On the flexibility of 2D Euler steady states

TL;DR

This paper demonstrates that smooth steady states of the 2D Euler equations can exhibit greater flexibility than previously thought, allowing for vorticity functions that are not globally single-valued, even near stable configurations.

Contribution

It shows that the previously assumed functional relationship between stream function and vorticity does not hold for smooth steady states, revealing new structural possibilities.

Findings

Smooth steady states can have multiple critical points with non-single-valued vorticity functions.

There exist isolated branches of stable steady states not connected to analytic solutions.

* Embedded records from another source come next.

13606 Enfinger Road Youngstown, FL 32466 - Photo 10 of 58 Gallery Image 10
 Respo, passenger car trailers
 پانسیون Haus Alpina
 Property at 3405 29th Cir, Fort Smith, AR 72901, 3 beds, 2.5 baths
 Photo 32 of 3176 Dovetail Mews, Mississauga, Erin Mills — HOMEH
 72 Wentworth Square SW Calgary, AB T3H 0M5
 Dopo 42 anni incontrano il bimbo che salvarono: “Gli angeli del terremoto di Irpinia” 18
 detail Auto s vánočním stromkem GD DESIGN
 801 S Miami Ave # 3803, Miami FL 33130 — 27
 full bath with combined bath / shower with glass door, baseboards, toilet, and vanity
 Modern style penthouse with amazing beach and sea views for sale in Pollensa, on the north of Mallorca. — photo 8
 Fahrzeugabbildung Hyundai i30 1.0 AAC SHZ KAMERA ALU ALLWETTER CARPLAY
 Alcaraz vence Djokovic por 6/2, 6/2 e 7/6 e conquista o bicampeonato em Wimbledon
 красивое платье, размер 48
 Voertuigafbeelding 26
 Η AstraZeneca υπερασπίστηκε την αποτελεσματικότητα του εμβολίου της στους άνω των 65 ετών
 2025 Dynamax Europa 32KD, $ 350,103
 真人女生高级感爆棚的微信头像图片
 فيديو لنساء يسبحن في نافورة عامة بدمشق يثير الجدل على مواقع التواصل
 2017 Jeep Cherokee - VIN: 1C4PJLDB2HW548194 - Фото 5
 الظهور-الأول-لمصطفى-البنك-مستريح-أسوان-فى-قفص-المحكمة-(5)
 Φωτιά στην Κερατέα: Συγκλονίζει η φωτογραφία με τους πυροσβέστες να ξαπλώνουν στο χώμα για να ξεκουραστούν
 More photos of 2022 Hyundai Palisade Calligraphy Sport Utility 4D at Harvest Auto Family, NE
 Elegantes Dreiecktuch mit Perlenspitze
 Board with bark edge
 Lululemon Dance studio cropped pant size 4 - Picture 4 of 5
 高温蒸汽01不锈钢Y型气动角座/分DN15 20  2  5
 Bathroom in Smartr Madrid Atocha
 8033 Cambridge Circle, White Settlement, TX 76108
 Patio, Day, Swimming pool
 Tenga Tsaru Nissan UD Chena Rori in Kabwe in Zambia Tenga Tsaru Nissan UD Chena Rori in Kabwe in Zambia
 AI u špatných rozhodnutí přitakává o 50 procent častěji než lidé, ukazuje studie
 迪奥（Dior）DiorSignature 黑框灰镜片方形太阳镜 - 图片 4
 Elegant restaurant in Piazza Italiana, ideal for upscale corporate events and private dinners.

Flexibility results are also established near the degenerate cellular flow on the flat torus.

Abstract

We consider steady states of the incompressible Euler equation on two-dimensional domains. For non-radial analytic steady states on bounded simply connected domains, it was shown previously that there must be a global functional relationship between the stream function and the vorticity. We show that this does not extend to smooth functions, even under further structural assumptions such as the Morse condition or Arnold's stability criterion. More precisely, we show that a broad class of steady states with multiple critical points can be perturbed to smooth steady states for which the vorticity is not a single-valued function of the stream function. We also establish an analogous flexibility result near the cellular flow on the flat torus, which is a degenerate case. As a consequence of our constructions, there are "branches" of smooth steady states that are isolated from analytic ones. In some cases, the resulting isolated branches can even consist entirely of linearly stable steady states.